→ **To do**
When you reach the line with "MUSCULI ANTEBRACHII Posterior" in the listing below, transcribe it and each line after it up to and including the line with "[ Tinted NIR ]", exactly and with nothing else.

→ **Data excerpts**
◇ ◇ ◇ ◇

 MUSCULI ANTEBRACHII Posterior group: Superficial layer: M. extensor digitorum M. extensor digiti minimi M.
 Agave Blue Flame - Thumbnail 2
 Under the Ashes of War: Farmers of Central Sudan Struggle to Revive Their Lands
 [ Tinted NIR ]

◇ ◇ ◇ ◇

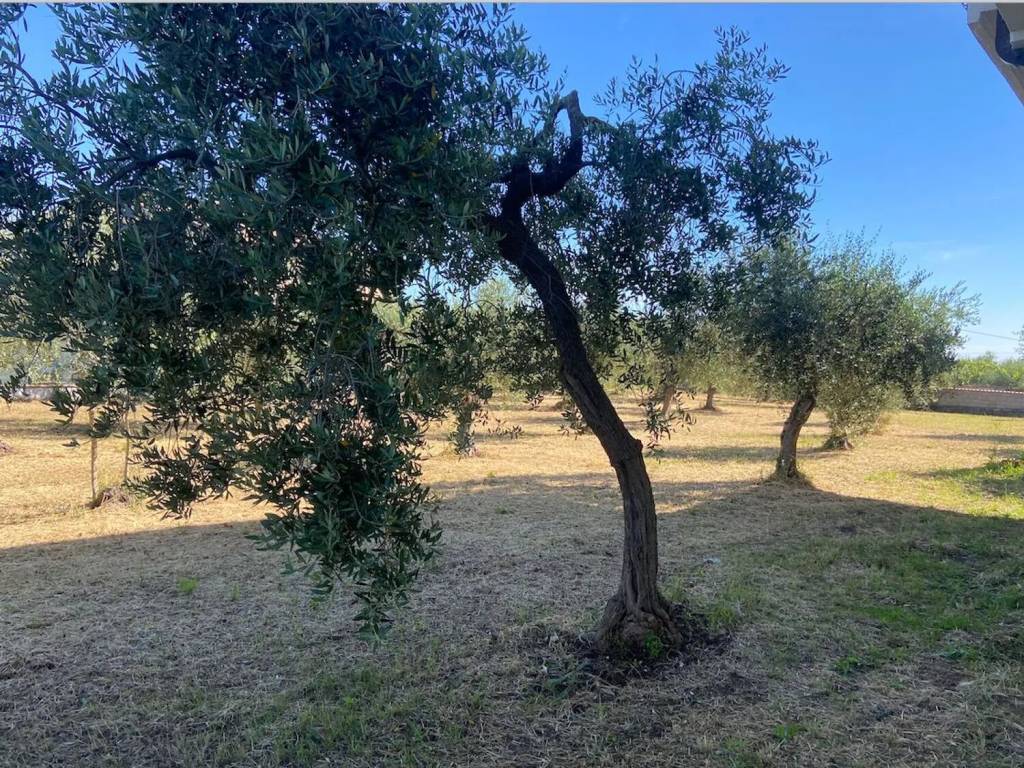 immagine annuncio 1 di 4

◇ ◇ ◇ ◇

→ **Result of this task**
 MUSCULI ANTEBRACHII Posterior group: Superficial layer: M. extensor digitorum M. extensor digiti minimi M.
 Agave Blue Flame - Thumbnail 2
 Under the Ashes of War: Farmers of Central Sudan Struggle to Revive Their Lands
 [ Tinted NIR ]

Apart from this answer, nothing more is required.